Students at the University of Minnesota staged massive protests, demanding that school officials ban the police from campus once and for all. However, instead of giving in to their threats, the school vice president had a better solution.
As social justice becomes the top priority in education, schools are producing activists rather than academics. So, when the “defund the police” movement came to the University of Minnesota, protests and riots unsurprisingly erupted on campus in an effort to coerce the administration to ban law enforcement from the facilities.
Demonstrators showed up in droves both on campus and at the police station, hoping to force the university to remove campus police so as to prevent them from patrolling the area. As such, the school responded by cutting ties with city cops. Subsequently, the crime rate began to soar in Marcy-Holmes, the neighborhood in which the university is located.
Immediately following their separation from the police, total property and violent crimes skyrocketed in the neighborhood to 129 incidents in one month alone, which is the highest it’s been in decades. Seeing the correlation, the university decided upon a different approach. Instead of severing ties with law enforcement, the school chose to ramp up police presence on campus.
University Senior Vice President for Finance and Operations Myron Frans explained that the decision was a direct result of the escalating crime following the push to remove police from campus, the Star Tribune reports. Within one month of adding extra officers to patrol the area, the crime rate dropped by 49, which is a 38-percent decrease.
The university may increase the size of its campus police force in response to the rising crime, Frans said. Currently, the department has 56 sworn officers.
“We currently believe that we should,” Frans said of adding more officers.
Even Mayor Jacod Frey admitted that the efforts to defund the police have contributed to the spike in crime.

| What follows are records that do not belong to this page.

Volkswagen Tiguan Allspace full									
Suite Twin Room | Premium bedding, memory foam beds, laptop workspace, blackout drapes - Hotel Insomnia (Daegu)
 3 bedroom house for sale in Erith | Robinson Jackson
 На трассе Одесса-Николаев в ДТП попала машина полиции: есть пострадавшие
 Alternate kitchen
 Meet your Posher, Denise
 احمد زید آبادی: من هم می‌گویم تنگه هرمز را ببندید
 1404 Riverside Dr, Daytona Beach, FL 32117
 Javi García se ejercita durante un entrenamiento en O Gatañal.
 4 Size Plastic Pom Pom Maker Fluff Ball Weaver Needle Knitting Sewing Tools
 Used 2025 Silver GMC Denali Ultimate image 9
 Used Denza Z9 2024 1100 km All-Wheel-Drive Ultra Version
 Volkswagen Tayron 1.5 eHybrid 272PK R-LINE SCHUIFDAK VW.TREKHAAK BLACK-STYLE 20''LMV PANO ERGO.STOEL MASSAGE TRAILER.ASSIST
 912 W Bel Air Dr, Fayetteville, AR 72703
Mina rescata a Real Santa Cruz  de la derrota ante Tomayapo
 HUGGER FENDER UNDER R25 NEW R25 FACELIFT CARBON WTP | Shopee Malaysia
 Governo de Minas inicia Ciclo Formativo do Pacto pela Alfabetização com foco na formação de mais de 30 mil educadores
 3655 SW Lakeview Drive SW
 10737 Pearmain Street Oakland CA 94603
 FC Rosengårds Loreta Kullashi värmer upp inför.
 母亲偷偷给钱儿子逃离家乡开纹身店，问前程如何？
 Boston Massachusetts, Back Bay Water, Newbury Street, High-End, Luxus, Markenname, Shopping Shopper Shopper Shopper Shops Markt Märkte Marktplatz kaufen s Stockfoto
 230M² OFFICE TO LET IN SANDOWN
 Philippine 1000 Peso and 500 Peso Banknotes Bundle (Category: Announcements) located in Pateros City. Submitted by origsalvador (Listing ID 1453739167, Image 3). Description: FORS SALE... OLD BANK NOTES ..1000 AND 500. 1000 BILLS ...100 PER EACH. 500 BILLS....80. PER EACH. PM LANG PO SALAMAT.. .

“It’s just the reality of the solution, you know,” the mayor admitted. “When you make big, overarching statements that we’re going to defund or abolish and dismantle the police department and get rid of all the officers, there’s an impact to that.” He added, “We need accountability and culture shift within our department, and we need police.”
Frey confirmed that the only solution to the rising crime is more policing, much to the activists’ dismay. He added that the city would also look into alternative options for incidents that don’t necessarily require police response.
“It’s going to take a very comprehensive effort,” Frey added. “Yes, it includes safety beyond policing, and it includes police. And, you know, I’m one that has been working lock step with our Chief Arradondo, and I’m calling on the council members to try to work with him as well.”
The mayor’s office joined forces with the police department in the hopes of tamping down crime and keeping the community safe. He hoped to convince the city council to cooperate as well.
“The violence needs to stop, its unacceptable. People deserve to feel safe in their neighborhood, they deserve to be able to send their kids out to the sidewalk to play and to recreate without bullets flying by. That’s unacceptable. We should be holding these perpetrators accountable,” Frey said.
Along with more patrolling and a larger presence of officers, extra security cameras and additional lighting will be in place.
The results are obvious. When the neighborhood implemented measures that restricted law enforcement, criminals were unrestrained. Likewise, as policing was ramped up, crime immediately dropped.
The initiative to defund and ultimately abolish the police doesn’t faze criminals. In fact, the only community members who are harmed are their victims.